__Task objective__. Everything below from the line with "Computing the daily" through the line with "Welcome back to EENG" should be copied exactly, and nothing else; leave out the pictures.

__Extracted data__.
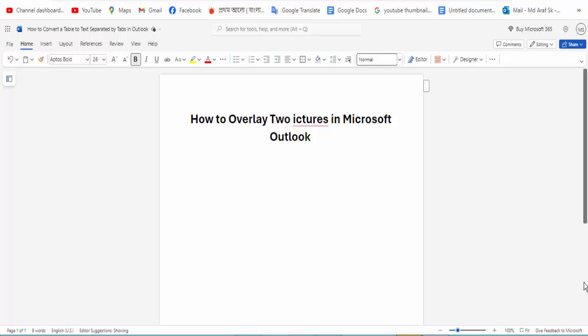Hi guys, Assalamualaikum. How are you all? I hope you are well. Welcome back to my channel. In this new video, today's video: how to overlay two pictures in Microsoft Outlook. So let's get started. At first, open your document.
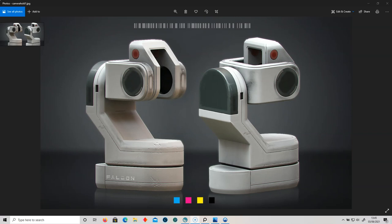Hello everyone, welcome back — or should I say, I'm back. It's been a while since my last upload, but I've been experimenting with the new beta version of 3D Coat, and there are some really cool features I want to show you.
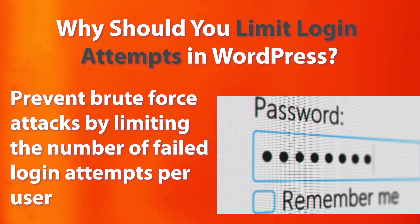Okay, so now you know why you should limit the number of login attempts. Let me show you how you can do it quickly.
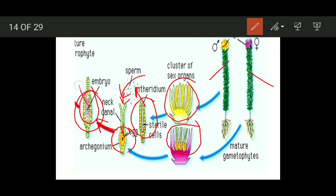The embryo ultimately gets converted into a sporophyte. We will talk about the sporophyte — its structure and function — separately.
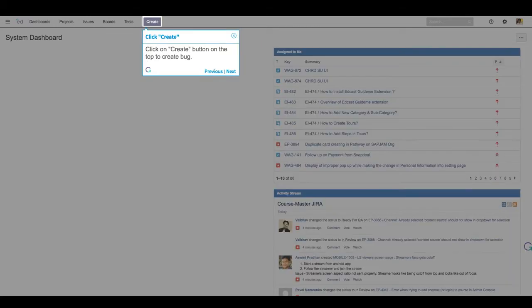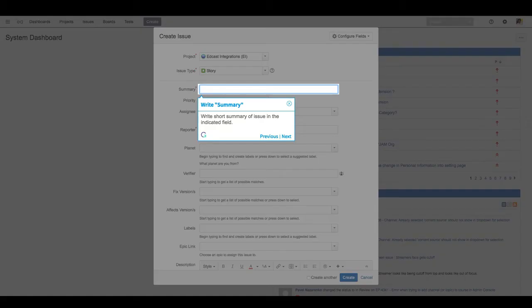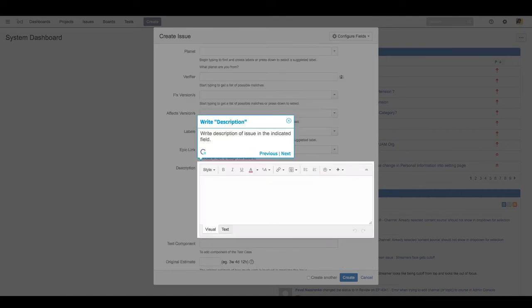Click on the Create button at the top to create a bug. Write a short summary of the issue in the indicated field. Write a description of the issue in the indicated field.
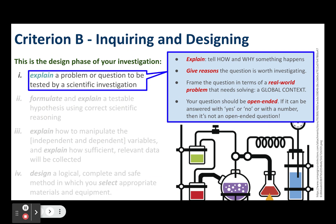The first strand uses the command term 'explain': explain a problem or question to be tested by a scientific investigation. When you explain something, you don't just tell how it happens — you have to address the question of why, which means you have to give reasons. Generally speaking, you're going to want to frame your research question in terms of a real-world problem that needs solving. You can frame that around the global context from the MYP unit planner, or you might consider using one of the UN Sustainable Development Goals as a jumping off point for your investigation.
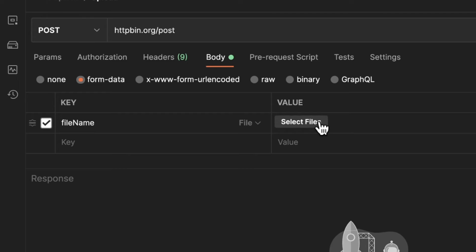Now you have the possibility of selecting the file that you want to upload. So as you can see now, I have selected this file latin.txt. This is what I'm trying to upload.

==

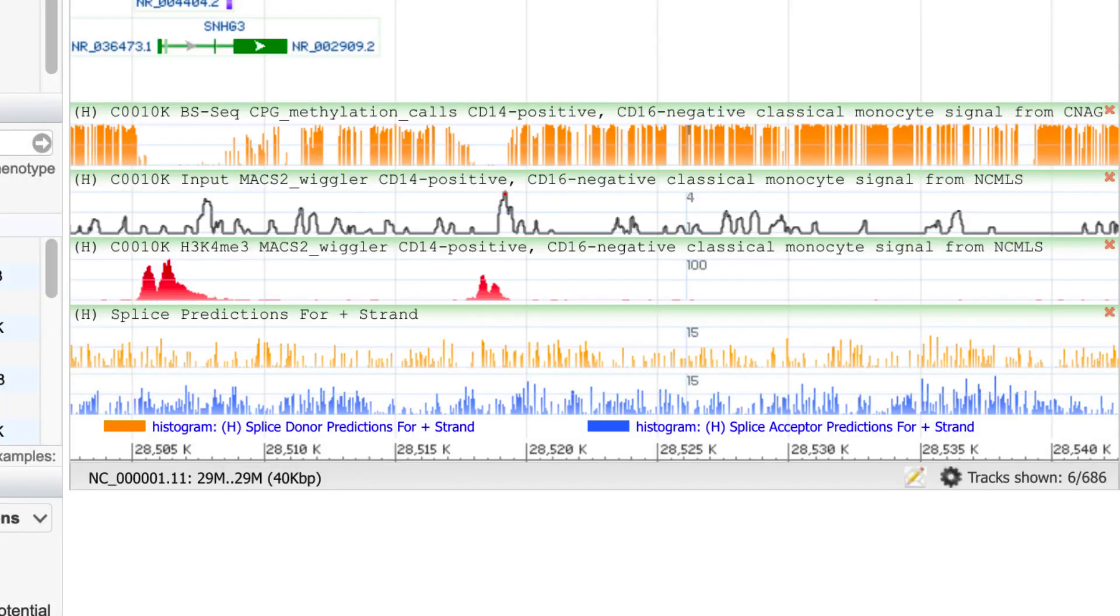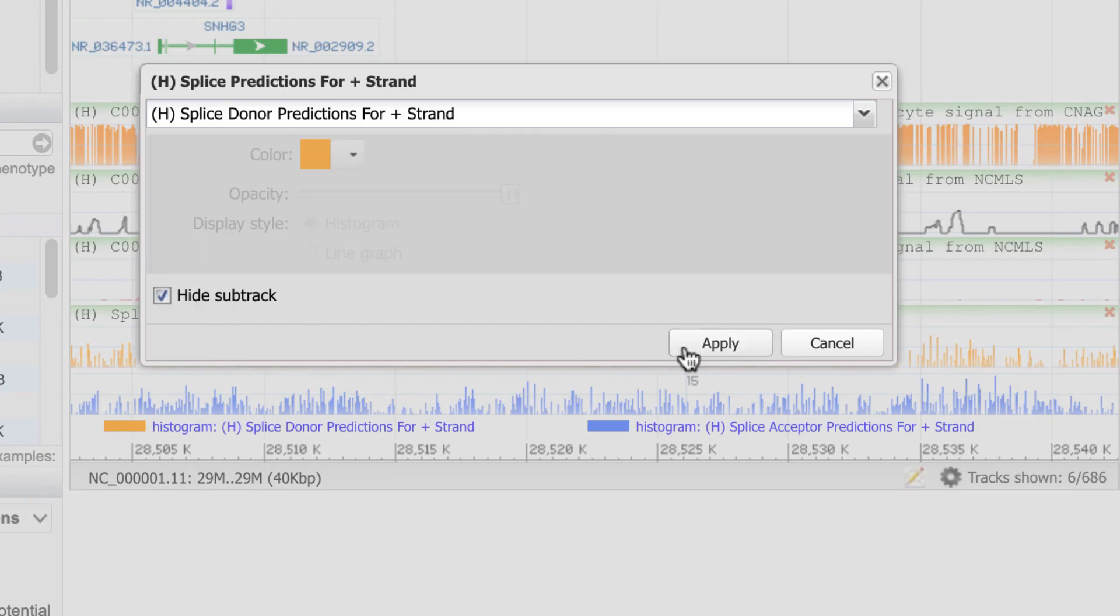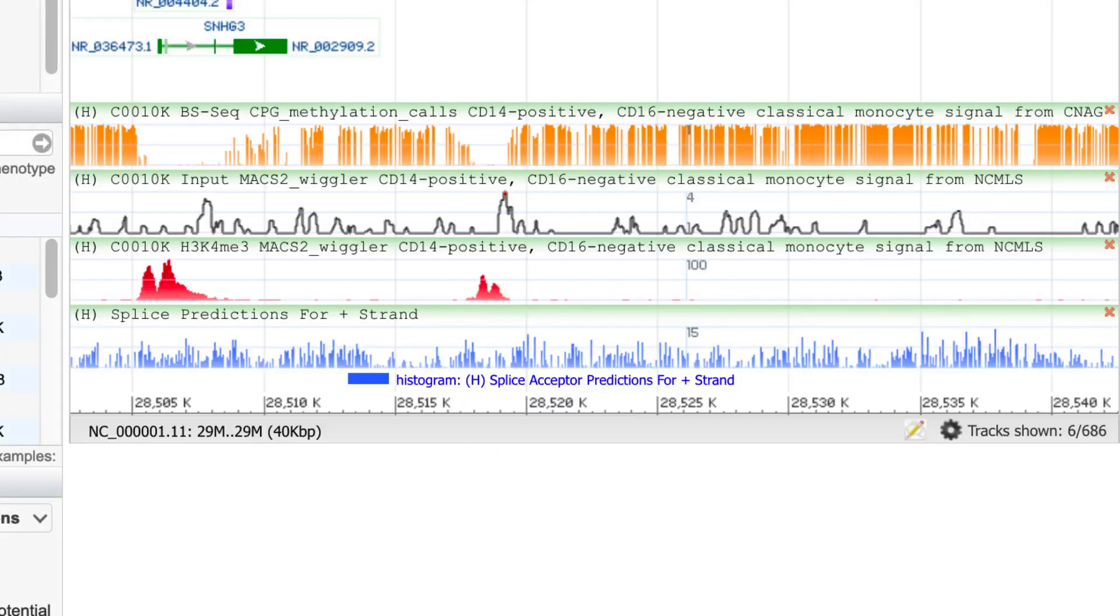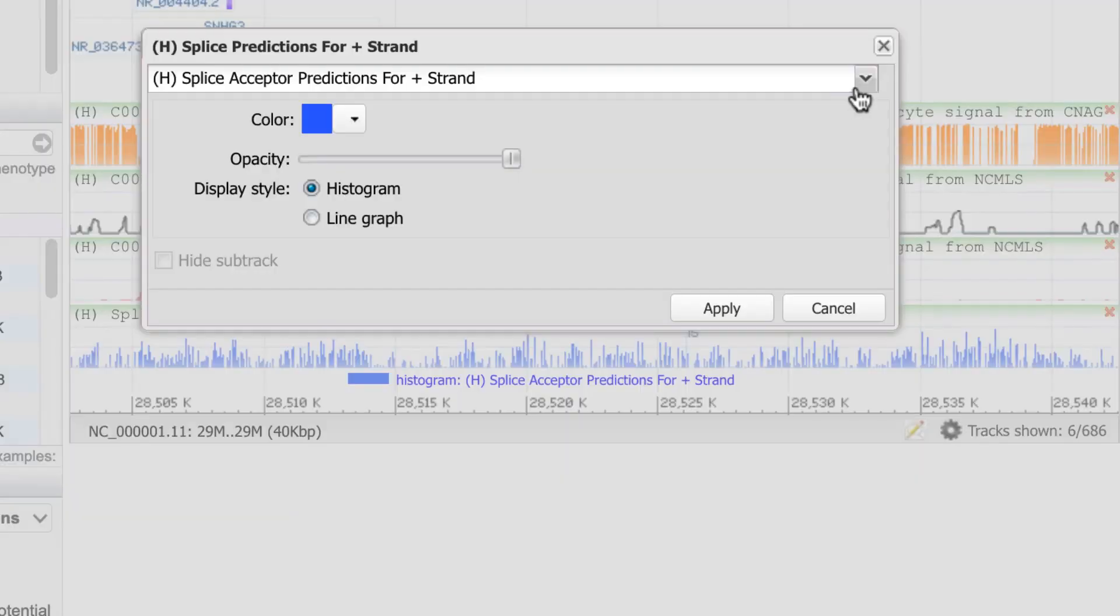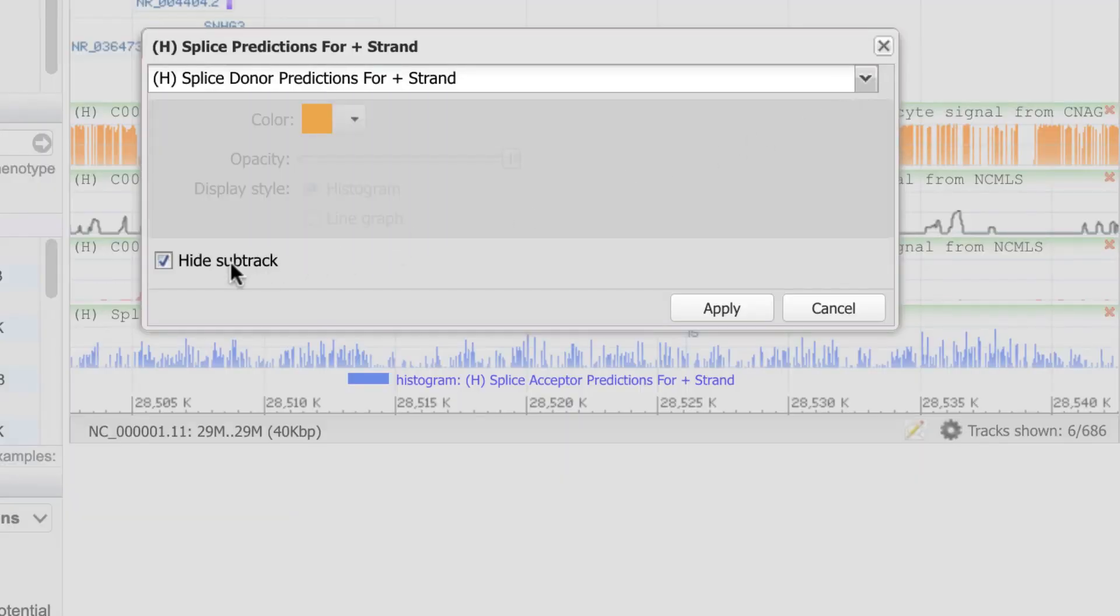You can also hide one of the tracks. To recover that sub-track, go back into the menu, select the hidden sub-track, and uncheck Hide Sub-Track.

==

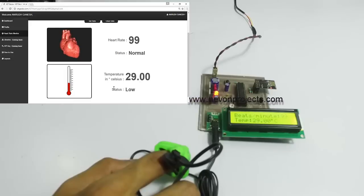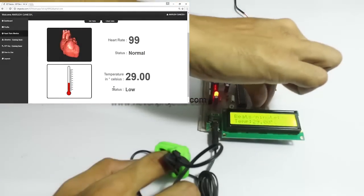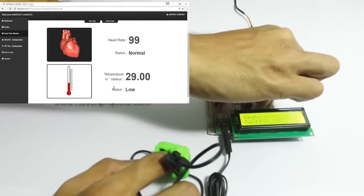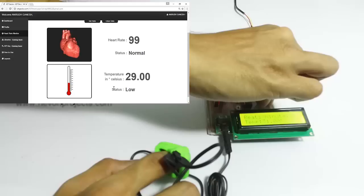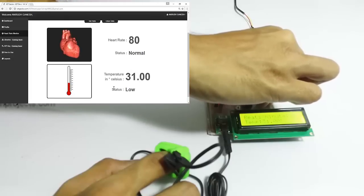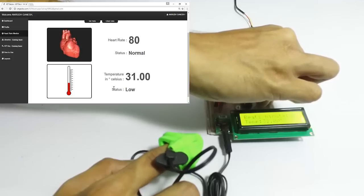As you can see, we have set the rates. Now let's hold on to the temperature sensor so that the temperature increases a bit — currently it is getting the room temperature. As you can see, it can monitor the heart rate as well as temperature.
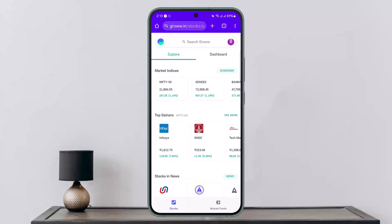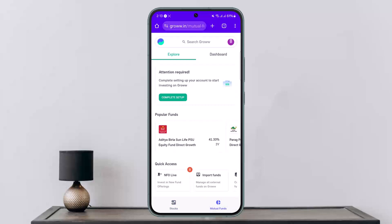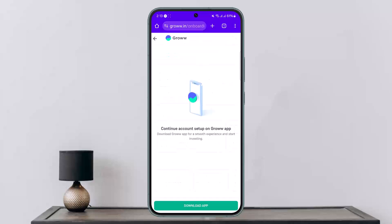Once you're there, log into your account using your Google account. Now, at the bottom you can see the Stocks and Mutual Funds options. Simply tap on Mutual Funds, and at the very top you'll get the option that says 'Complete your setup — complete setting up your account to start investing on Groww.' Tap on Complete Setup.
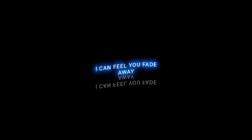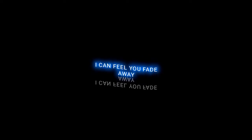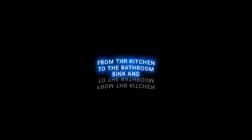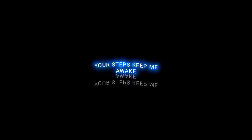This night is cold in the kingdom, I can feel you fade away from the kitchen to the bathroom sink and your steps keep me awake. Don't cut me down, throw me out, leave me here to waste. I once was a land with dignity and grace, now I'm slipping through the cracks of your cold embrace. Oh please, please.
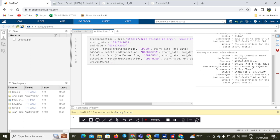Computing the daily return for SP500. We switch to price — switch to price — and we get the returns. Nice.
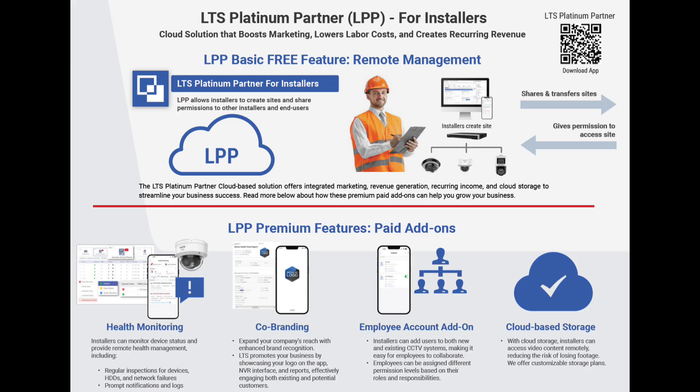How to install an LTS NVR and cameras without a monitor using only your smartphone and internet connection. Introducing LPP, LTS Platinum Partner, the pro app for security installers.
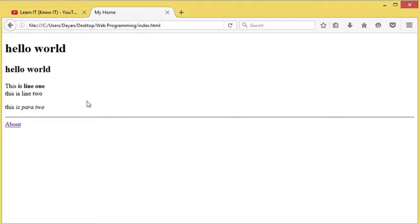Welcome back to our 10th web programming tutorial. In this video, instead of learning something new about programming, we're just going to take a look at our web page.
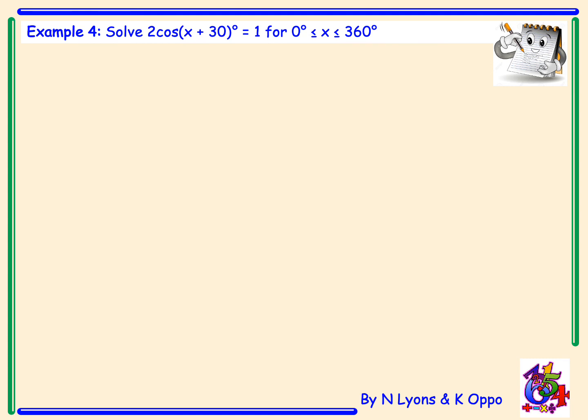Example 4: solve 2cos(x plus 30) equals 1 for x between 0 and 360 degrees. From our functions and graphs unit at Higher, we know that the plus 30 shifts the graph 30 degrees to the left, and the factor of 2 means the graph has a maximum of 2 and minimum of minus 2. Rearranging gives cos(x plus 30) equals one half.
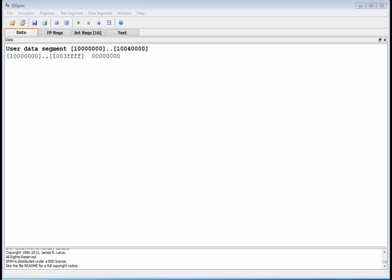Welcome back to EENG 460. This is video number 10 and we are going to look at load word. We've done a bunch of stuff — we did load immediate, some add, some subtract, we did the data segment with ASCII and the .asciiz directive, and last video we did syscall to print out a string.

__The answer__.
Computing the daily return for SP500. We switch to price — switch to price — and we get the returns. Nice.
How to install an LTS NVR and cameras without a monitor using only your smartphone and internet connection. Introducing LPP, LTS Platinum Partner, the pro app for security installers.
Welcome back to our 10th web programming tutorial. In this video, instead of learning something new about programming, we're just going to take a look at our web page.
Example 4: solve 2cos(x plus 30) equals 1 for x between 0 and 360 degrees. From our functions and graphs unit at Higher, we know that the plus 30 shifts the graph 30 degrees to the left, and the factor of 2 means the graph has a maximum of 2 and minimum of minus 2. Rearranging gives cos(x plus 30) equals one half.
Welcome back to EENG 460. This is video number 10 and we are going to look at load word. We've done a bunch of stuff — we did load immediate, some add, some subtract, we did the data segment with ASCII and the .asciiz directive, and last video we did syscall to print out a string.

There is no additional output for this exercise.